In count two, Dana appears to contend Aon engaged in a prohibited transaction under 29 U.S.C. § 1106 by accepting an $8 million fee while failing to administer the plan properly. Count three alleges Dana is entitled to “appropriate equitable relief” for the $2.2 million in losses “direct[ly] and proximate[ly]” caused by Aon's fiduciary breaches. (Doc. 1 at ¶ 87).
Aon argues I should dismiss the ERISA claims because the complaint's allegations fail on their face to sustain Dana's claim about Aon's fiduciary status.
1. Fiduciary Status Under ERISA
“Fiduciary status is the key to unlocking ERISA's civil-enforcement scheme” because any person “found to be a fiduciary [is] personally liable to the ERISA-covered plan for any damages caused by that person's breach of fiduciary duties.” Briscoe v. Fine, 444 F.3d 478, 486 (6th Cir.2006).
In cases alleging a breach of ERISA fiduciary duties, “the threshold question is not whether the actions of some person employed to provide services under a plan adversely affected a plan beneficiary's interest, but whether that person was acting as a fiduciary (that is, was performing a fiduciary function) when taking the action subject to complaint.” Pegram v. Herdrich, 530 U.S. 211, 226, 120 S.Ct. 2143, 147 L.Ed.2d 164 (2000).
A person is a fiduciary to the extent “(1) he exercises any discretionary authority or discretionary control respecting management of such plan or (2) exercises any authority or control respecting management or disposition of its assets[.]” 29 U.S.C. § 1002(21)(A); Guyan Int'l, Inc. v. Prof'l Benefits Admin., 689 F.3d 793, 798 (6th Cir.2012).

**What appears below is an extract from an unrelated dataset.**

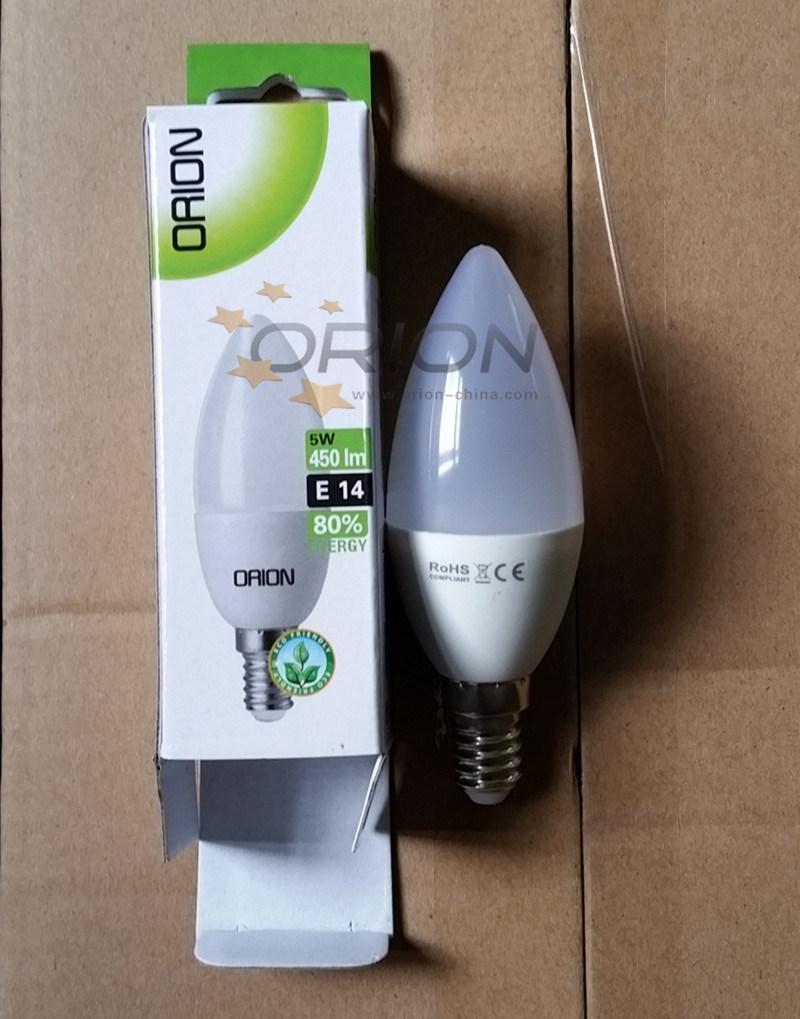 High Quality E14 LED Candle Light 5W LED Light Bulb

Dana seeks to hold Aon liable on the theory that Aon had control over Plan assets. In support, Dana alleges Aon: 1) exercised “practical control” over Plan assets when, rather than following Dana's instructions, it “took short-cuts in implement[ing]” the Plan (Doc. 1 at ¶ 26); and 2) must have had control over Plan assets because a former employee managed to divert Plan assets to bank accounts she controlled.
“ERISA fiduciary status is broadly triggered with any control over plan assets, [but] the inquiry in each case is granular, asking whether an entity is a fiduciary with respect to the particular activity in question.” Pipefitters Local 636 Ins. Fund v. Blue Cross & Blue Shield of Mich., 722 F.3d 861, 866 (6th Cir.2013).
The Sixth Circuit has found third-party administrators like Aon liable as fiduciaries under a...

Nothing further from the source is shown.